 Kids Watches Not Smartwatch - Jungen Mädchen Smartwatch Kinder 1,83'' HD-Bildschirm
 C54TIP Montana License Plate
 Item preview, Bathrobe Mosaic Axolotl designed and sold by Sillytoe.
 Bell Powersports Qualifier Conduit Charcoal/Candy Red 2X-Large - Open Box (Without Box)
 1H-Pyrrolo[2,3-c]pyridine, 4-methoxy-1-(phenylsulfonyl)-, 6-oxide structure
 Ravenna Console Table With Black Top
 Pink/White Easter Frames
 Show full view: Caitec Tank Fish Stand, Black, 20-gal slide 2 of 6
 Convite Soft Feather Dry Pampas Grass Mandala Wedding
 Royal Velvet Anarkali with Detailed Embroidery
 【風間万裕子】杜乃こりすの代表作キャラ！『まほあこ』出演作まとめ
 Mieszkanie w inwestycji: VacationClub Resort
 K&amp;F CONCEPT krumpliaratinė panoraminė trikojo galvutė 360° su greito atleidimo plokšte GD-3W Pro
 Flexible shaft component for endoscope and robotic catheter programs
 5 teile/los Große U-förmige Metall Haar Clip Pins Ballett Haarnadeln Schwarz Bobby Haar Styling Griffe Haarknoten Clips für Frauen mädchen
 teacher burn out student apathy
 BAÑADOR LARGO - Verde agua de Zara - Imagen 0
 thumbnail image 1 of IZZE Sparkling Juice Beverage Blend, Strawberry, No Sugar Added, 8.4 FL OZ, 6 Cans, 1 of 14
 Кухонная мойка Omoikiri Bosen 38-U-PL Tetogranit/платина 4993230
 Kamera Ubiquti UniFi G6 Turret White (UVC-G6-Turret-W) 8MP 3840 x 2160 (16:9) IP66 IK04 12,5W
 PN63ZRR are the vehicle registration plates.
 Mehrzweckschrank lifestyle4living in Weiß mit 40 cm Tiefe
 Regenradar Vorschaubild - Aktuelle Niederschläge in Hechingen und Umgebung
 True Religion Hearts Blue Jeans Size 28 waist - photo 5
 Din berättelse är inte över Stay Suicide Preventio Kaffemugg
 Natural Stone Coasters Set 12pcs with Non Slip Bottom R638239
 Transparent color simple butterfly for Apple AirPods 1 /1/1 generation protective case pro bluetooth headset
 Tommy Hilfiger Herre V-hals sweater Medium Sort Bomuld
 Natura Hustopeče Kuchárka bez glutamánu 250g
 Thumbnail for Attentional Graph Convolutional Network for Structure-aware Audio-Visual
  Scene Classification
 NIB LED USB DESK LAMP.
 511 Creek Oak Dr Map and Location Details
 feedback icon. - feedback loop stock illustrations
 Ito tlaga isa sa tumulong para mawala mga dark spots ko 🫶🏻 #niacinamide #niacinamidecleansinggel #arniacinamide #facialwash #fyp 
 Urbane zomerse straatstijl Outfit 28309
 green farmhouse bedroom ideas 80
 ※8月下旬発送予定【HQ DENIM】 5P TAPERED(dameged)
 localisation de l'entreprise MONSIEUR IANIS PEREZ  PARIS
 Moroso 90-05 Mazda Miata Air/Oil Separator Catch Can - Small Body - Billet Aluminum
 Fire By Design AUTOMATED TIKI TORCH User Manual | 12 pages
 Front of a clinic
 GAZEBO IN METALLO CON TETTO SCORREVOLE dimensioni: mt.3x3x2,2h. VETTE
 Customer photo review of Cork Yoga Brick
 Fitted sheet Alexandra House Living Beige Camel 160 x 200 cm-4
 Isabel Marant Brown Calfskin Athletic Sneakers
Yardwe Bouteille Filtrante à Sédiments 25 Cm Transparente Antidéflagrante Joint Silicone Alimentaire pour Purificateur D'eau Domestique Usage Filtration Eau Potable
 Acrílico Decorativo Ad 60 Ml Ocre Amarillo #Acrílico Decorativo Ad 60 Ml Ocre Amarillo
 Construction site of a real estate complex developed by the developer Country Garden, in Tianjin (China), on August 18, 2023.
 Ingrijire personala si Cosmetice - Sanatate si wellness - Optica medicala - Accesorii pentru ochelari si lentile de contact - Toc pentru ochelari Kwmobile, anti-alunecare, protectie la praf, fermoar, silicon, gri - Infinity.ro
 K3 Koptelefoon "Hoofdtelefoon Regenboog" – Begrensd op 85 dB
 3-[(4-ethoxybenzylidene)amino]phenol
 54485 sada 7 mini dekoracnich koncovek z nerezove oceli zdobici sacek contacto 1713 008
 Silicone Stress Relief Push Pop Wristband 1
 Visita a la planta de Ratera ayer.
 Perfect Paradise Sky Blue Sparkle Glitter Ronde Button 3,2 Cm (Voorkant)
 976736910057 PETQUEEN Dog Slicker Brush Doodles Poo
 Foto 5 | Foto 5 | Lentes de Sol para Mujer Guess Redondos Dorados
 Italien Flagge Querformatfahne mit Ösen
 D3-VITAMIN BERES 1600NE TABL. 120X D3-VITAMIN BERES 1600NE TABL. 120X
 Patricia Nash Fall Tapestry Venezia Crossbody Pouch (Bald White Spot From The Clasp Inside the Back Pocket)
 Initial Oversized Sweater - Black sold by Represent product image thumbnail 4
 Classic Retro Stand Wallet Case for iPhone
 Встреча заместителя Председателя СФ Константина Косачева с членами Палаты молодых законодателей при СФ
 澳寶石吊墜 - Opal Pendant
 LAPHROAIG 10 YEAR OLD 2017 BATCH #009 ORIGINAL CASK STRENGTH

+ + +

**What you will do**: Copy out only the lines running from the beginning of the data to the line with "Convite Soft Feather", both ends included.

**Answer space**:
 Kids Watches Not Smartwatch - Jungen Mädchen Smartwatch Kinder 1,83'' HD-Bildschirm
 C54TIP Montana License Plate
 Item preview, Bathrobe Mosaic Axolotl designed and sold by Sillytoe.
 Bell Powersports Qualifier Conduit Charcoal/Candy Red 2X-Large - Open Box (Without Box)
 1H-Pyrrolo[2,3-c]pyridine, 4-methoxy-1-(phenylsulfonyl)-, 6-oxide structure
 Ravenna Console Table With Black Top
 Pink/White Easter Frames
 Show full view: Caitec Tank Fish Stand, Black, 20-gal slide 2 of 6
 Convite Soft Feather Dry Pampas Grass Mandala Wedding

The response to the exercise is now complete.